All that time Memorial was expanding. I watched our university grow from 300 students in that old building on Parade St. to become the largest university in Atlantic Canada and the new library, research facilities, recreational buildings the medical school, the music school and others have all added an enormous value to this city.
As President Axel Meisen outlined for us in his recent comprehensive address to the St. John's Rotary Club, the financial contribution of the university to the city is enormous. Memorial is also the city's biggest business with over 17,000 students, hundreds of teachers and support staff. I am thrilled to see the funding we receive for research in many disciplines, including pioneer work in Parkinson's disease, so much in the news recently with the death of the Pope.

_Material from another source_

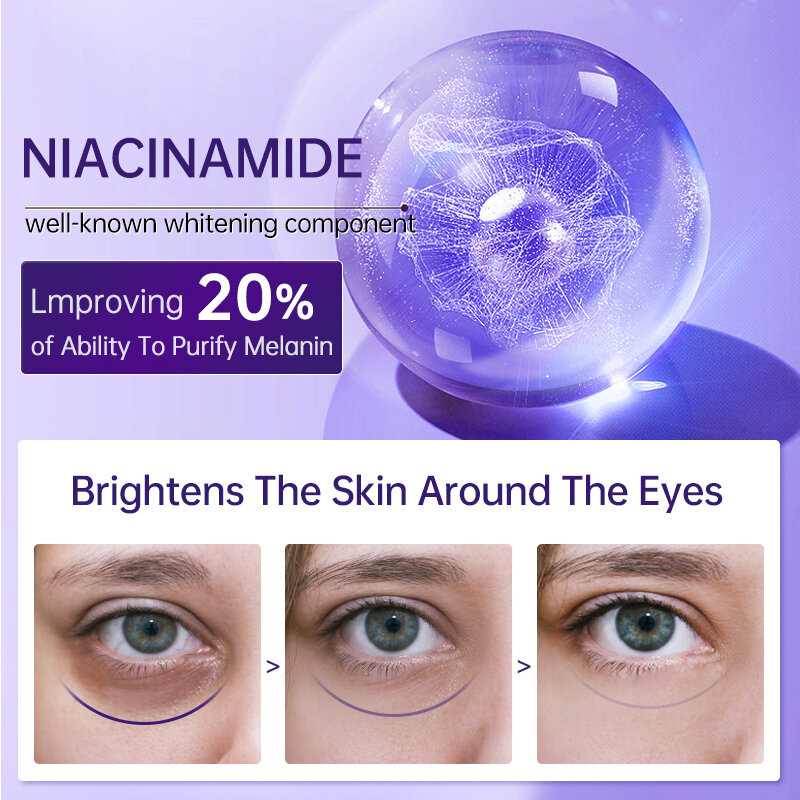 AUQUEST Eye Cream Eye Bags Skin Care Anti Dark Circle Fine Line Puffiness Niacinamide Eyes Serum Whitening Cream Beauty Health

While based in St. John's we recognize the tremendous influence of Memorial in Corner Brook and indeed throughout all Newfoundland and Labrador, delivering education to the far flung regions of an isolated and rugged land, using computers, television, teleconferencing and telemedicine. I was on council for many years and Mayor for 14 years. I was always pleased to acknowledge the practical symbiosis that has existed between town and gown. Did you know that the beautiful chandeliers in Gushue Hall were a gift from the city and that the hand carved bookcases in the mayor's office a gift from Memorial.
I have spoken about my time in elected office. In honouring me today, I feel you are also recognizing all the men and women, many Memorial graduates who have and continue to serve their communities in elected offices.
Today you graduate, leaving one group, the student body and entering another, the alumni. Take your natural feeling for knowledge with you. Continue to use the remarkable facilities of this great university and this wonderful city.
How much you can learn and enjoy at our School of Music, the GEO Centre, The Rooms to mention a few.
Our artists and writers have made life in the rest of Canada sparkle just a little bit more.
I am proud to accept this degree; proud to be counted with the other distinguished degree recipients whom I congratulate.